Exercise goal> Leave out the pictures and retype exactly the lines from the line with "This is the" through the end of the listing below.

── Data records ──

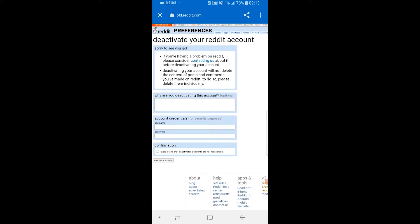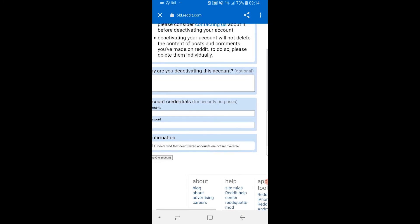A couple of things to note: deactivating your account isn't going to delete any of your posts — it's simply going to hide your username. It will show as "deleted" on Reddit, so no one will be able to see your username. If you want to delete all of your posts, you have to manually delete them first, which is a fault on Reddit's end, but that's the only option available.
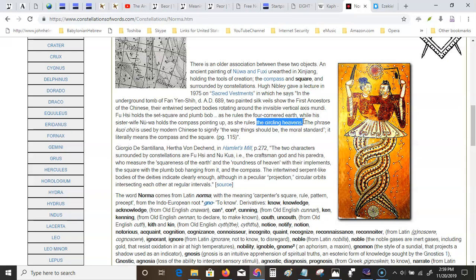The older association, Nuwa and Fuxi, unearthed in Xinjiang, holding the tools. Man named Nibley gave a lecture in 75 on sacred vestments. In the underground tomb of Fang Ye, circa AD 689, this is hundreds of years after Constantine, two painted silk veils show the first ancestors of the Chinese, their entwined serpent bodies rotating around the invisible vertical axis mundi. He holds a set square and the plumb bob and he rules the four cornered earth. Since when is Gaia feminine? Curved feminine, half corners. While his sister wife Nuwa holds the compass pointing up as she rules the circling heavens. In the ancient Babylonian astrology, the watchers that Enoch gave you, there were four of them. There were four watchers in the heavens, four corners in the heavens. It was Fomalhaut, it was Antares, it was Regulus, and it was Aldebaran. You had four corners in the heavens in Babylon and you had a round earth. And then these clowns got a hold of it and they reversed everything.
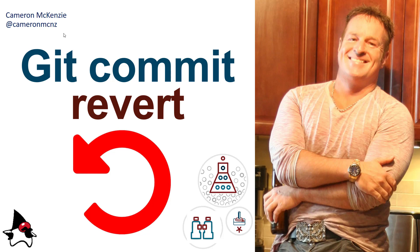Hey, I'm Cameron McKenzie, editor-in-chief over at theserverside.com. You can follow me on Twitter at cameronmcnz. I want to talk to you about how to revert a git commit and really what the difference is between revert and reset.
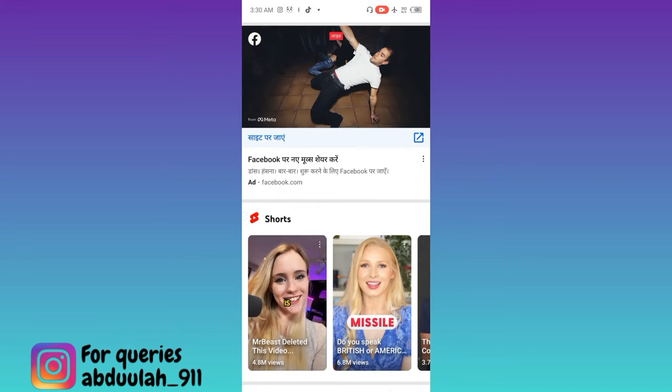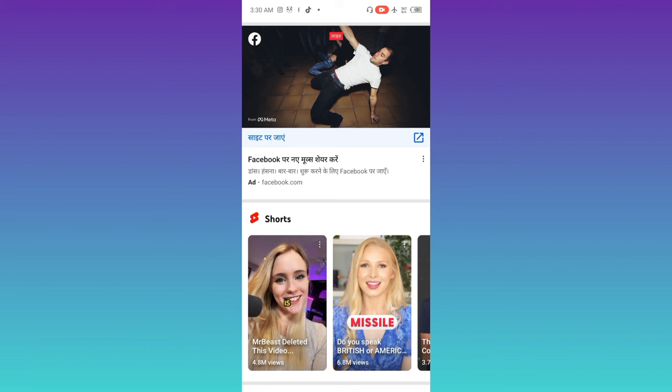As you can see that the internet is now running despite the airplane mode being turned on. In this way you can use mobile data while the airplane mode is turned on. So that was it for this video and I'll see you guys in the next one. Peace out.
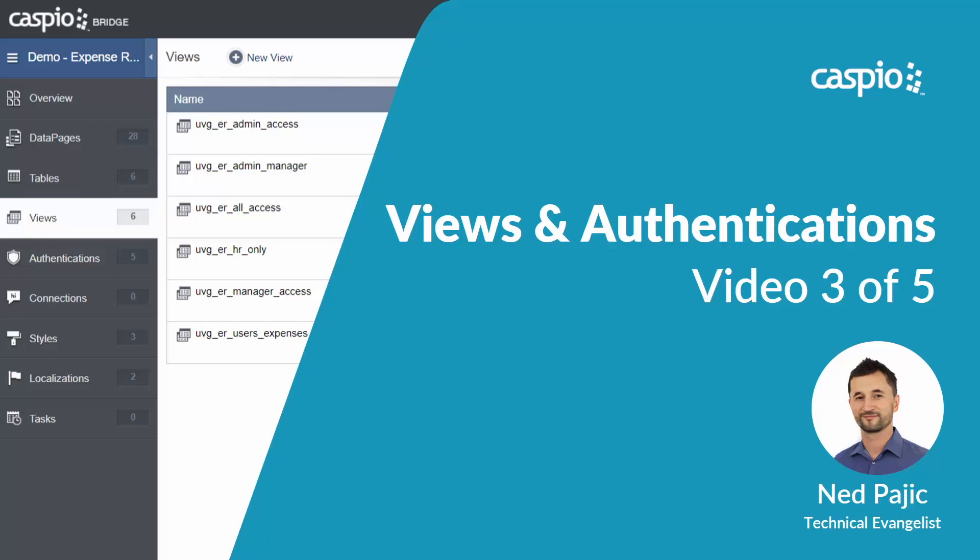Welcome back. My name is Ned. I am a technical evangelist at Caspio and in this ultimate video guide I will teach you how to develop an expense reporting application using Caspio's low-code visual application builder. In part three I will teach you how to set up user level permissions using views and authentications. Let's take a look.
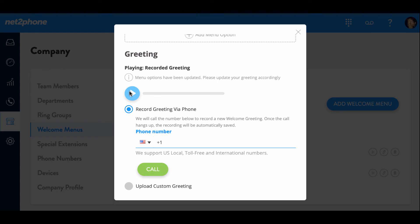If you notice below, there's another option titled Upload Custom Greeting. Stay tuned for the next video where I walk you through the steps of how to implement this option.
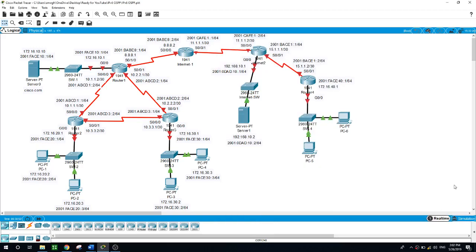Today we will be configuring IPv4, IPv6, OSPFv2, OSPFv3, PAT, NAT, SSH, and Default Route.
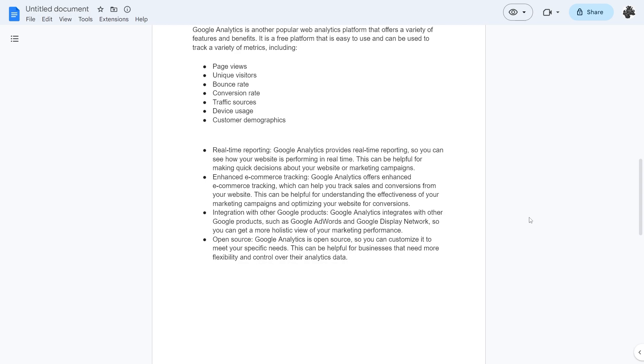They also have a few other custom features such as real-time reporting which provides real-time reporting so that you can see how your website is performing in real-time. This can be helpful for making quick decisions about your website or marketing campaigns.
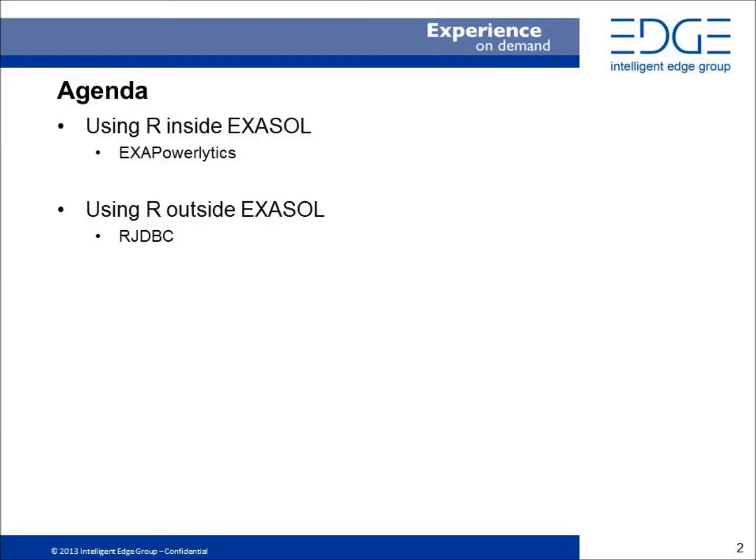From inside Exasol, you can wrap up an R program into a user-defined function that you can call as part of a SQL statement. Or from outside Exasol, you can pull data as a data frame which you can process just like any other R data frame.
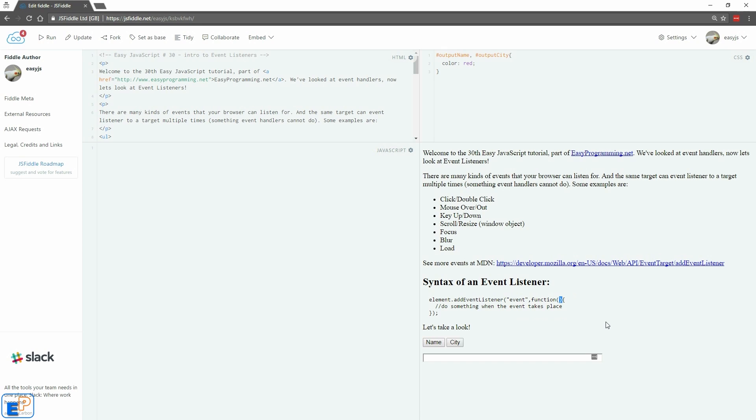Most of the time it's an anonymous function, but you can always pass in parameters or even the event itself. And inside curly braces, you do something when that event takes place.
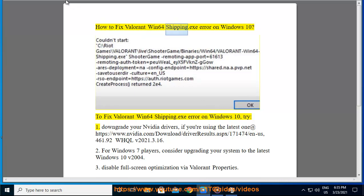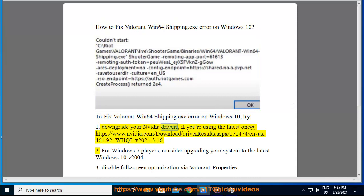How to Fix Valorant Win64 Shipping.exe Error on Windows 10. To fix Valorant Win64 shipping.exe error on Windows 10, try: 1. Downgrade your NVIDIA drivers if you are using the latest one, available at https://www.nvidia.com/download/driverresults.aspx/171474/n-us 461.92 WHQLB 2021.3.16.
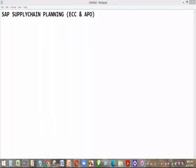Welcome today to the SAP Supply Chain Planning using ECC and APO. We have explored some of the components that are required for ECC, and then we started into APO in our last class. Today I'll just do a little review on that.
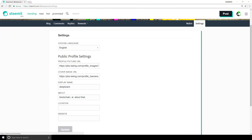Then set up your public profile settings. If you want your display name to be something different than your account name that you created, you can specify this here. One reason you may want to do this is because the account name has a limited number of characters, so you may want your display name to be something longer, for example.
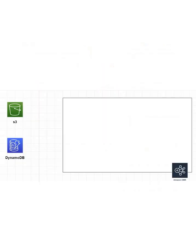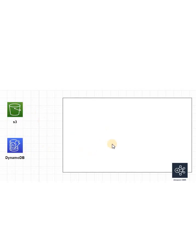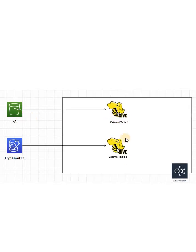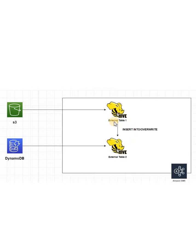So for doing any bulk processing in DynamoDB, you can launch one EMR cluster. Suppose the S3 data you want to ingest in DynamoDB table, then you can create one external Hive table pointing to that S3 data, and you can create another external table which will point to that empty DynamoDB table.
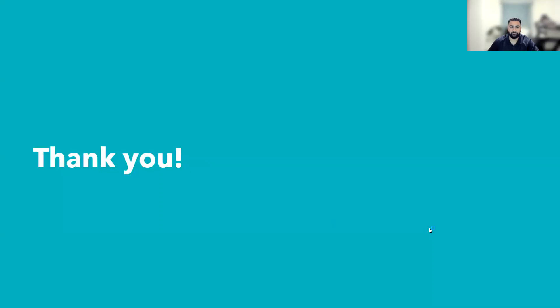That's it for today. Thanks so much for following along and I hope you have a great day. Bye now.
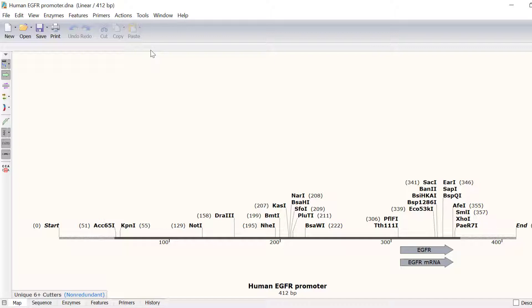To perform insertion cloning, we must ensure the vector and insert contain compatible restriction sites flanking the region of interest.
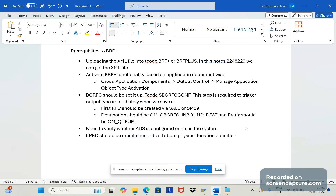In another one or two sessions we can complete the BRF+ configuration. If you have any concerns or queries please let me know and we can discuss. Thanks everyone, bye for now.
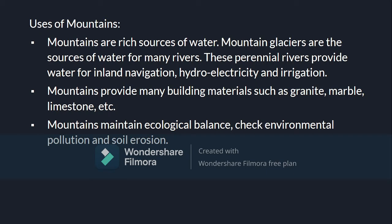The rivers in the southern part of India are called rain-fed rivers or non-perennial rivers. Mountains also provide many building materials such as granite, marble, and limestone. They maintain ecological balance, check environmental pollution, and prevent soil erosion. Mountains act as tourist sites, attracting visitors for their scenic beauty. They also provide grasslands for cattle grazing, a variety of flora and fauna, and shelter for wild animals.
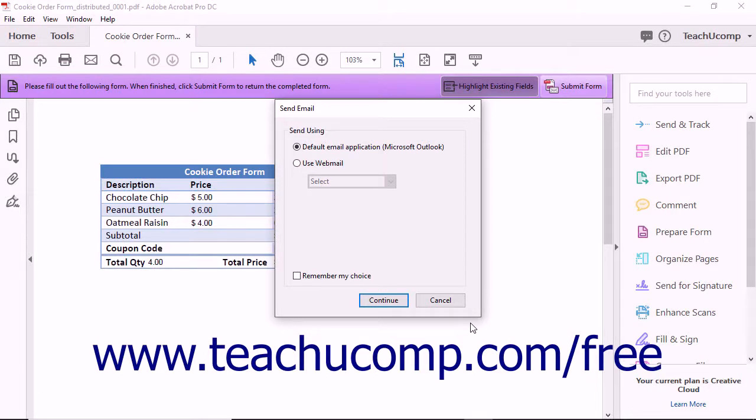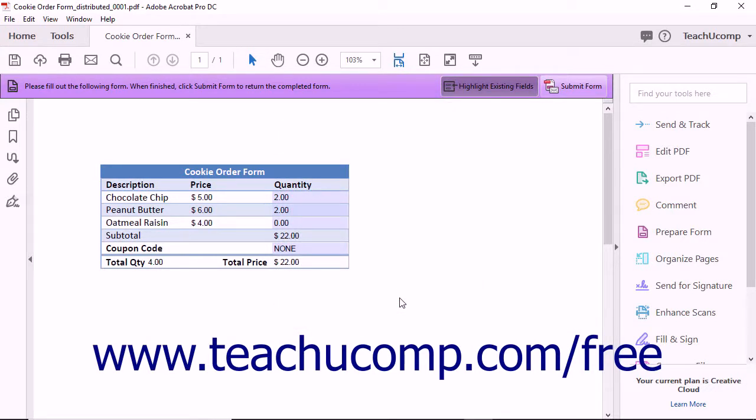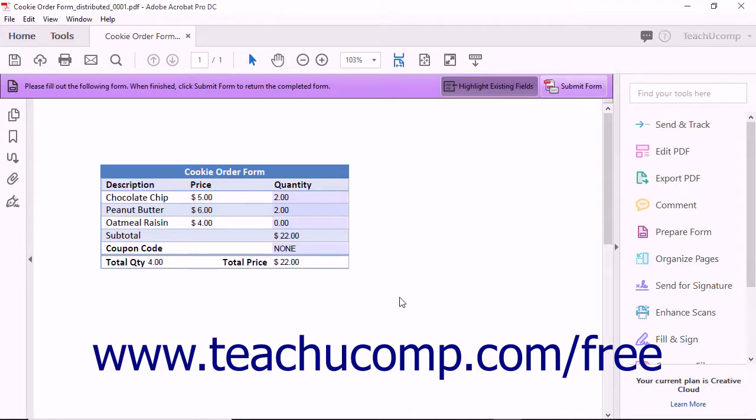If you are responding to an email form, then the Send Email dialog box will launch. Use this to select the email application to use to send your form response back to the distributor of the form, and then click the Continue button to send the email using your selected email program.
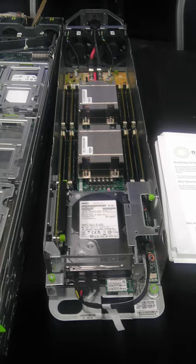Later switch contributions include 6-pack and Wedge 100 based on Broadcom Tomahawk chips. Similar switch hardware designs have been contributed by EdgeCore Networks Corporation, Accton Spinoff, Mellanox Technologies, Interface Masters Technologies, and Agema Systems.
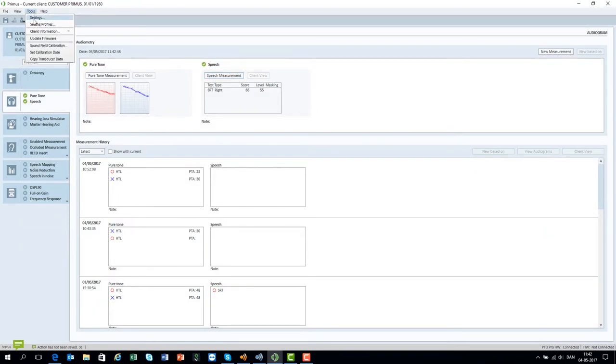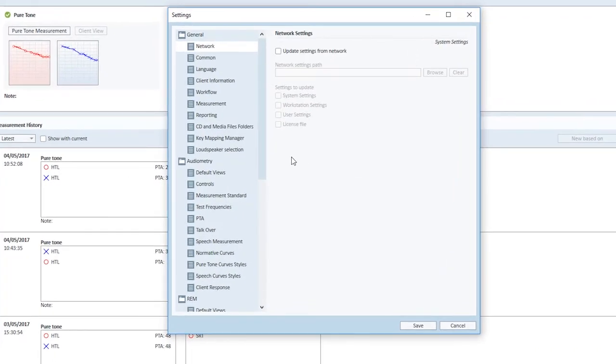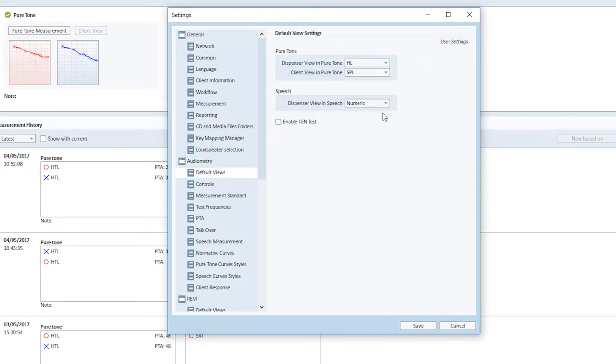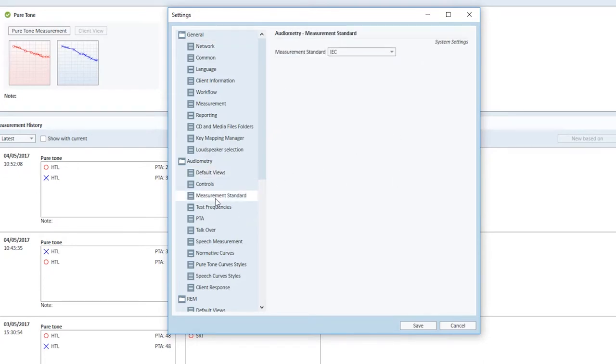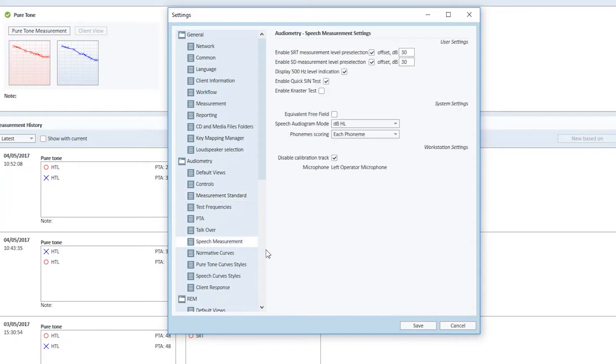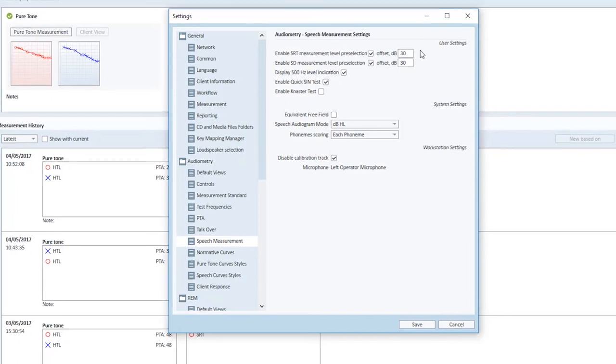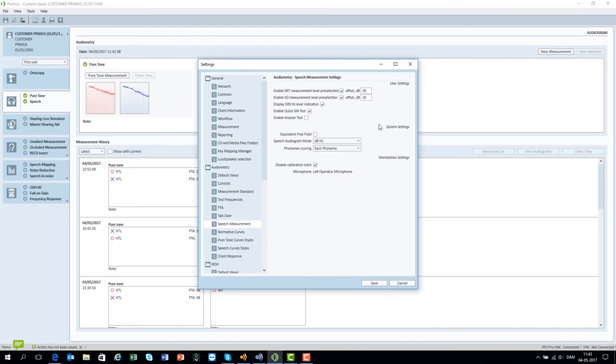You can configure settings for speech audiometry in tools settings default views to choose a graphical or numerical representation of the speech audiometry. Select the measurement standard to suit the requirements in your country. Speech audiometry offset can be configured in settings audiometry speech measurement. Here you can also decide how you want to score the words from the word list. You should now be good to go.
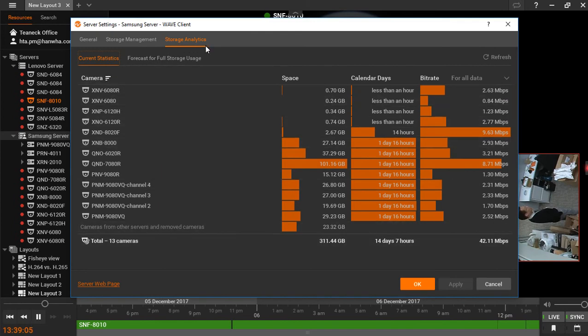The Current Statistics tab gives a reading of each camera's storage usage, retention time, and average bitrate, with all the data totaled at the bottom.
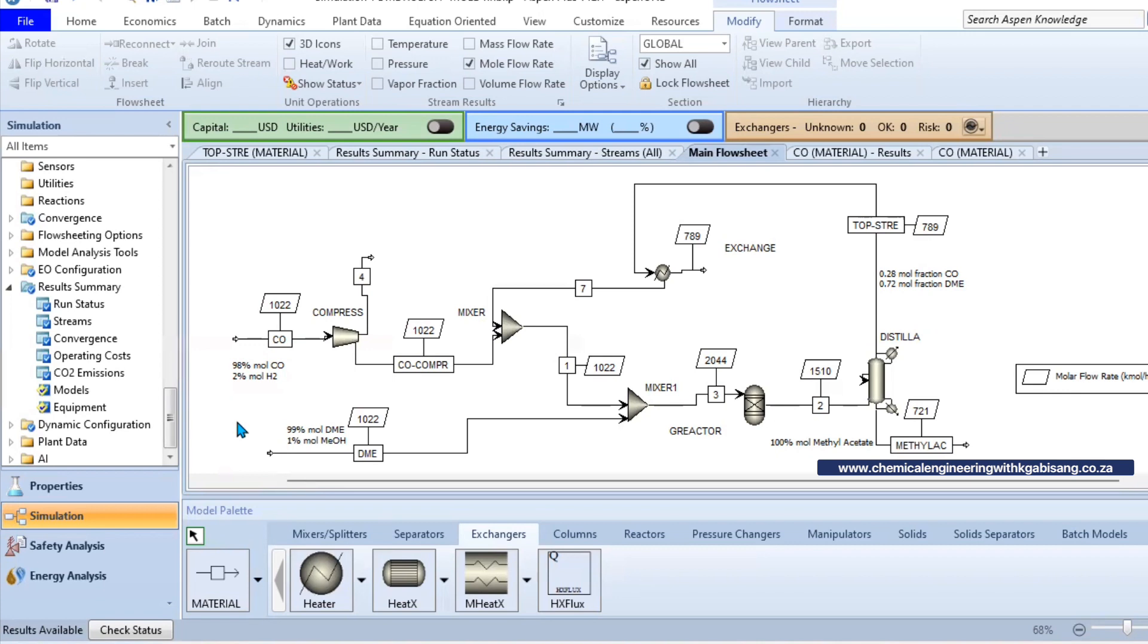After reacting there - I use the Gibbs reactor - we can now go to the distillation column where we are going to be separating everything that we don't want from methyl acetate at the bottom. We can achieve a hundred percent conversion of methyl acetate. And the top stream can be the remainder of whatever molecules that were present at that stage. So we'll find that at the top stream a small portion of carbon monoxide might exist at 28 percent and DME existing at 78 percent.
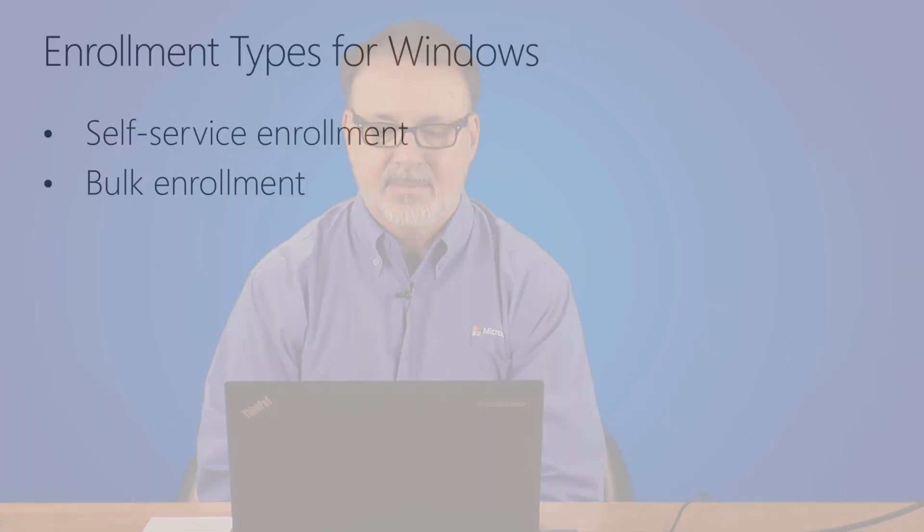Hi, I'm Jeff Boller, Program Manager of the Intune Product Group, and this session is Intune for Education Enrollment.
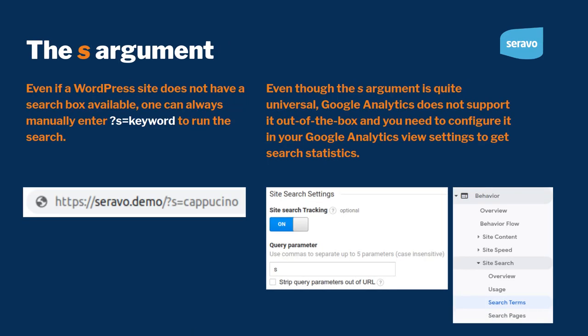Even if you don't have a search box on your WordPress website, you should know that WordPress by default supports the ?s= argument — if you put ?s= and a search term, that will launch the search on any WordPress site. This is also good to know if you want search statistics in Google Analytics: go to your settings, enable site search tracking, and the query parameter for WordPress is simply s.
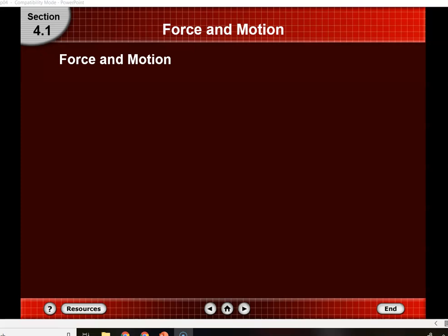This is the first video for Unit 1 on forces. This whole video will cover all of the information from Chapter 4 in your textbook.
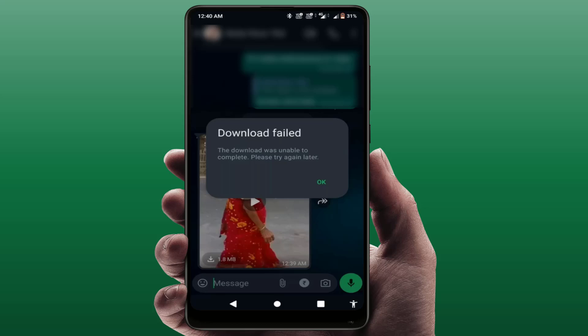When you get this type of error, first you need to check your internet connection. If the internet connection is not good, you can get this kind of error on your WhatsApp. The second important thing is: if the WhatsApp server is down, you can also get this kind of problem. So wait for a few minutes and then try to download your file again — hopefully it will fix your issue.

───

Response for this exercise>
This is the first video for Unit 1 on forces. This whole video will cover all of the information from Chapter 4 in your textbook.
When you get this type of error, first you need to check your internet connection. If the internet connection is not good, you can get this kind of error on your WhatsApp. The second important thing is: if the WhatsApp server is down, you can also get this kind of problem. So wait for a few minutes and then try to download your file again — hopefully it will fix your issue.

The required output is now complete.